The fleet () at the Milwaukee Community Sailing Center makes up one of the largest of any community sailing program in the country.  The fleet of 80 boats includes  Pearson Ensign, J-24s, and Solings.  For younger sailors, the Sailing Center's fleet includes Hunter 146s, DC Dinghys and 470s, a two-person Olympic racer.  The Sailing Center uses a JY Club Trainer for use in area park lagoons.

History

Founded in 1977, the Milwaukee Community Sailing Center was created by a group of local sailors who sought to form a community organization to make sailing accessible to all in the Milwaukee area and dispel the myth that sailing is an elitist sport.  With seed money from Ted Seaver, Doug Drake and Milwaukee County offices and a maintenance facility were built.  Completed in 1980, and the Sailing Center opened with lessons and boat rentals.  With an enthusiastic staff of 10 and a humble fleet of Tech Dinghies, Volants and a safety boat, Milwaukee had a unique way to take advantage of the lake.

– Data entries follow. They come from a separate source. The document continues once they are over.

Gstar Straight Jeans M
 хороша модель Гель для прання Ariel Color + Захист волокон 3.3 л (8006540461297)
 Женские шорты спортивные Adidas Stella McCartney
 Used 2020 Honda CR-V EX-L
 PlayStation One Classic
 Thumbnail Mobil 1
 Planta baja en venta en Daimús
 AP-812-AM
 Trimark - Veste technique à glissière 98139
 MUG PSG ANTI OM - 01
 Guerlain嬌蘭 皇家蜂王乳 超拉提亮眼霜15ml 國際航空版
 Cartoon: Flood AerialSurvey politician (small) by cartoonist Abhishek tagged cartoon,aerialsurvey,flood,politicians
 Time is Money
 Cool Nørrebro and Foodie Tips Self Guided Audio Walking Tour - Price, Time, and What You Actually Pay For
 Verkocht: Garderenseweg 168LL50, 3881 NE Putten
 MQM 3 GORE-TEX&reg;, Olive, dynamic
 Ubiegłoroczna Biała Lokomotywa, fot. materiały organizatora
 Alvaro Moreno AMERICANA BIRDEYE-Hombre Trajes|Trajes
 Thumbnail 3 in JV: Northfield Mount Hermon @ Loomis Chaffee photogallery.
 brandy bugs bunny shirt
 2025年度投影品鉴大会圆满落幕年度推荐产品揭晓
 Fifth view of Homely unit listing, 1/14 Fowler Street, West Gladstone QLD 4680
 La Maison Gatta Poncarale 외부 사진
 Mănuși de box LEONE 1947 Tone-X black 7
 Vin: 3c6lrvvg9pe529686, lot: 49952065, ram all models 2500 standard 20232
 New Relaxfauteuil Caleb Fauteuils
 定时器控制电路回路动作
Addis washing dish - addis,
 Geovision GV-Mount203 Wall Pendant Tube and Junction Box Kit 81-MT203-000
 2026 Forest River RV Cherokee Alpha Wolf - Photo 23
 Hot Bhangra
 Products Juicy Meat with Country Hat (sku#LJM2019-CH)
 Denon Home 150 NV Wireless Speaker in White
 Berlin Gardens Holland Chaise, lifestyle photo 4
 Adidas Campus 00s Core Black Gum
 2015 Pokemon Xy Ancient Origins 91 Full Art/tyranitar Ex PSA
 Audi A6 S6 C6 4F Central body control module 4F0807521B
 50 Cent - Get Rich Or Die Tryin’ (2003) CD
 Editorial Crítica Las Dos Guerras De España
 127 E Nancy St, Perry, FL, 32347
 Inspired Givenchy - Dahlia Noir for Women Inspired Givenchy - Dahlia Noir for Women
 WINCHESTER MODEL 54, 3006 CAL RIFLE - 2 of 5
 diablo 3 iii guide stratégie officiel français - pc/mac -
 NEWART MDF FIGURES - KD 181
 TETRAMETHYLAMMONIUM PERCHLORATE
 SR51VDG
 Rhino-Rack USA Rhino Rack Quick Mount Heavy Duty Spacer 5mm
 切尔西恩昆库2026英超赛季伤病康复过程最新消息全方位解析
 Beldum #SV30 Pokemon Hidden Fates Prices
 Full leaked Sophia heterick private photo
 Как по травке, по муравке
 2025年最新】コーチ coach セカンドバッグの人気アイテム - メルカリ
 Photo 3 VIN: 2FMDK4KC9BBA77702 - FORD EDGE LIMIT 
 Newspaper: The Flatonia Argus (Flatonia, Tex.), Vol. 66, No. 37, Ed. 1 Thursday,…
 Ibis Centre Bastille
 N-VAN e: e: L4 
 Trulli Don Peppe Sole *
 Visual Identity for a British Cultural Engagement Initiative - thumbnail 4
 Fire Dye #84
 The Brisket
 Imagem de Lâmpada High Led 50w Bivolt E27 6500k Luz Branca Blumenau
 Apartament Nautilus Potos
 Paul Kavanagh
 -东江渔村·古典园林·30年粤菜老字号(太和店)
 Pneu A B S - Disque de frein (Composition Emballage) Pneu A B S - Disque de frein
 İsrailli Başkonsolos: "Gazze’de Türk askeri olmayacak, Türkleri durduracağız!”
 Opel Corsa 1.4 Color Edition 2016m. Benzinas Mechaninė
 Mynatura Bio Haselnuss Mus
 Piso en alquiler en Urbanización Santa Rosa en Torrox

After the Sailing Center’s first year, twelve students graduated from the courses provided and the Sailing Center began to grow.  Today, hundreds of new members are learning to sail through Sailing Center programs. The nationally renowned "Prams in the Park" program began in 1985 and continues to bring sailing and water safety to Milwaukee County Park lagoons, offering scholarships to economically disadvantaged youth and giving individuals the opportunity to participate, learn and have fun.

The Sailing Center’s education and recreational programs have seen success as well.  The Sailing Center offers adult and youth members a full range of basic, intermediate and advanced sailing courses, as well as regattas, volunteer instructor opportunities and open sailing seven days a week on a variety if sailboats.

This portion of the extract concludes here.